Ah, the sweet elysian fields of academia! I left academia for the exact opposite reasons: there were the politics of course syllabi, of who taught what, of what kind of research constitutes "real" research. My love was teaching, but the department got in the way. My brother who teaches at a state university has his department head constantly checking on teachers.

A significant battle is waged every year in departments over several issues: Who teaches what courses, what department or group gets money for more faculty, how are faculty reviewed for tenure and promotions, among others. There is no laissez faire environment with these kinds of divisions, which are common.
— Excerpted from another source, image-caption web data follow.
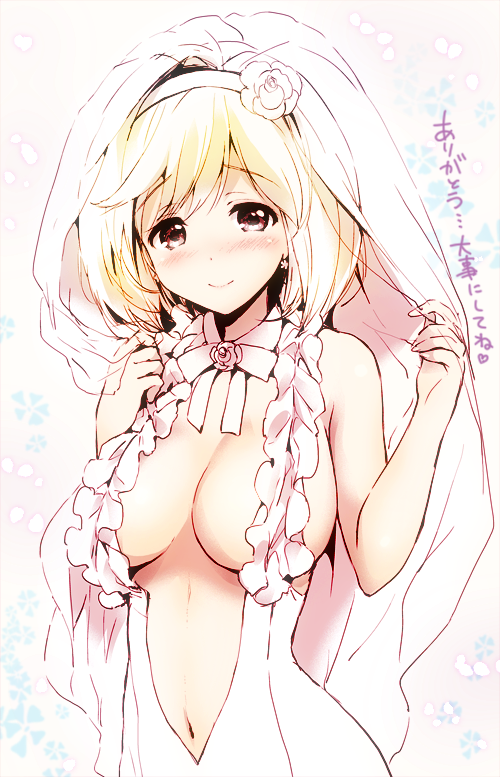 1girl blonde_hair blush breasts center_opening cleavage djeeta_(granblue_fantasy) dress earrings flower flower_earrings frills granblue_fantasy hair_flower hair_ornament hairband jewelry kurimomo large_breasts looking_at_viewer navel neck_ribbon red_eyes ribbon short_hair smile solo veil white_dress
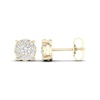 Thumbnail Image 3 of Diamond Halo Stud Earrings 1/2 ct tw Round-Cut 10K Yellow Gold
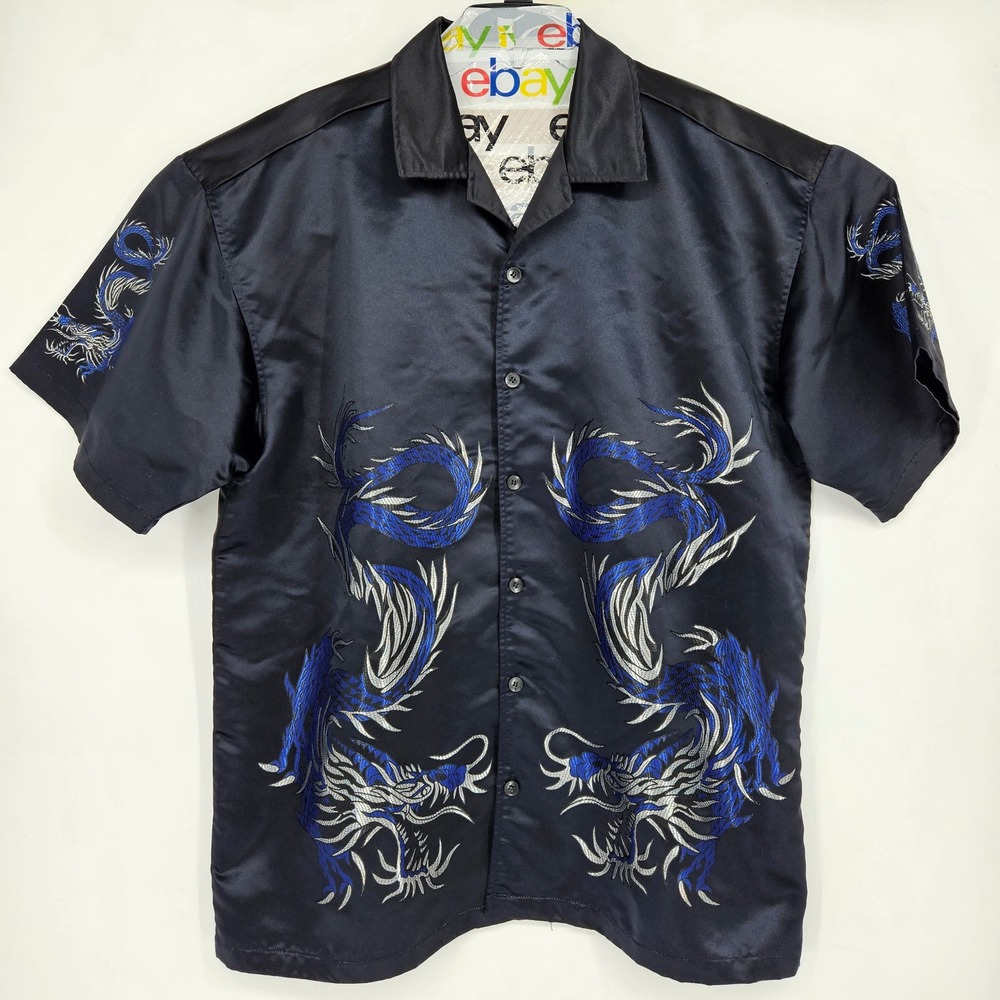 Vintage MT:2 Shirt Mens XXL Black Button Up Dragons AOP Short Sleeve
The idea that academia breeds socialism because "[t]he intellectual wants the whole society to be a school writ large" just makes no sense. Nozick focuses on the idea of a centralized system being common to both academia and socialism. Since I knew a few socialist and even marxist students and faculty, I can speak from personal experience that these people wanted a "de-centered" classroom and education system. Nozick's analysis is far removed from reality about socialists in academia. They focus on constructivist methods, for example, in which students come to understanding on their own. Now, if centrality is what defines academia and socialism, these socialist educators would hold to a teacher-center model. But they don't.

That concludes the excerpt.